A hacker has claimed to have stolen the personal information of around seven million Israelis by intercepting the website used by municipalities. If the claims are valid, the hack would be one of the most severe breaches of privacy in Israel’s history.
The attacker stated he stole the data from the CITY4U website, which is used by local authorities in Israel to process payments such as property taxes, fines and utility bills.
The National Cyber Directorate announced it was investigating the hacker’s claims, but that the document leak was likely old information.
The attacker first claimed to have hacked Israeli municipalities on Sunday in a post on the Telegram messaging application. Starting Monday, he released images of documents he noted backed up his claims, including Israeli identity cards, driver’s licenses and tax bills.

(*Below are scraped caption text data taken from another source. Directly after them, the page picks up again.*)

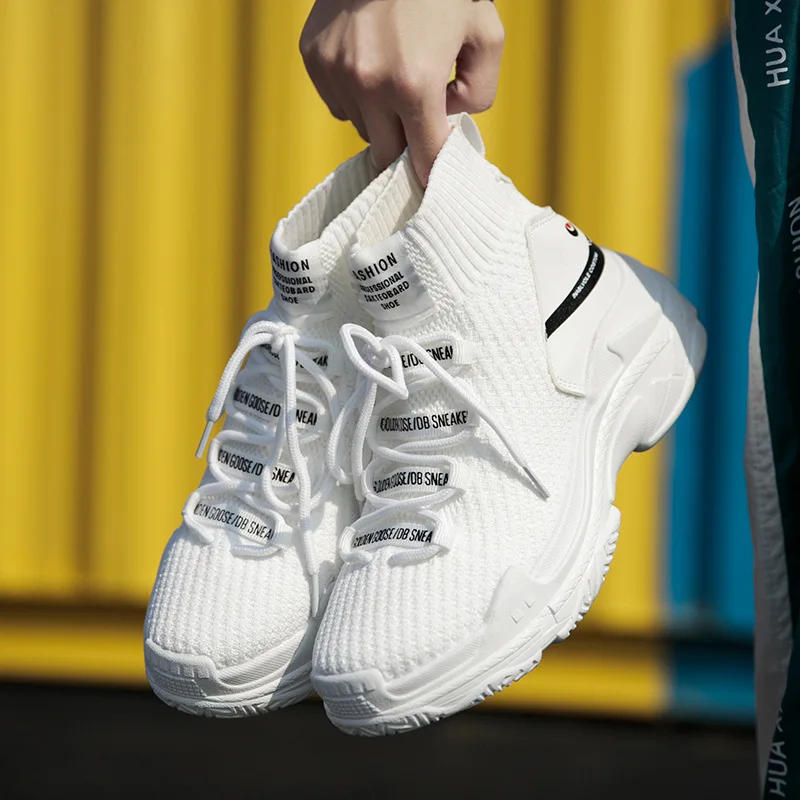 NEWDISCVRY Plus Size 36-46 High Top Men's Sock Sneakers 2019 Spring Men Knit Breathable Shark Shoes Male Platform Footwear Black |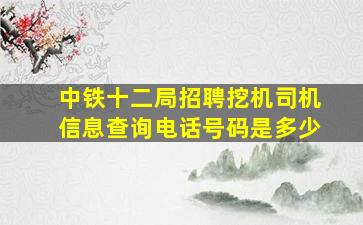 中铁十二局招聘挖机司机信息查询电话号码是多少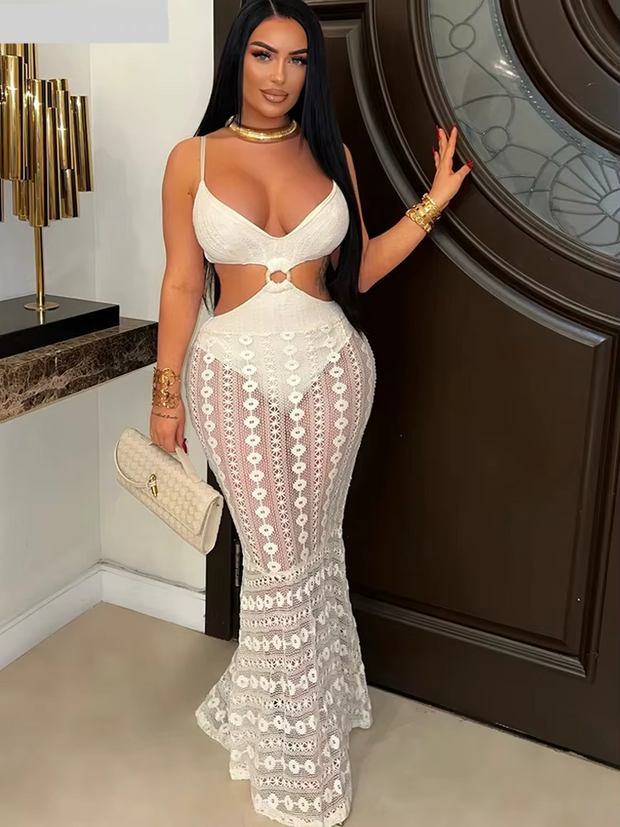 Beyprern Elegant Women's Hollow Out White Crochet Long Maxi Dresses Summer Spaghetti StrapO-Rings Party Dresses Vacation Outfits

The documents were sent out on Telegram and online hacking forums.
The attacker offered the data for sale without disclosing the asking price, and hinted he may reveal more information in the coming days.
If this is the truth – it could be one of the biggest and most significant hacks in Israeli history.
The alleged attack appears similar to a hack of Israel’s Shirbit insurance company last year and comes amid a global uptick in ransomware attacks.
In the Shirbit attack, a hacking group calling itself Black Shadow broke into the insurance firm, stealing client details and demanding a ransom or it would publish the data to the internet. The company refused to pay and the hackers later said they had sold the information on the dark web.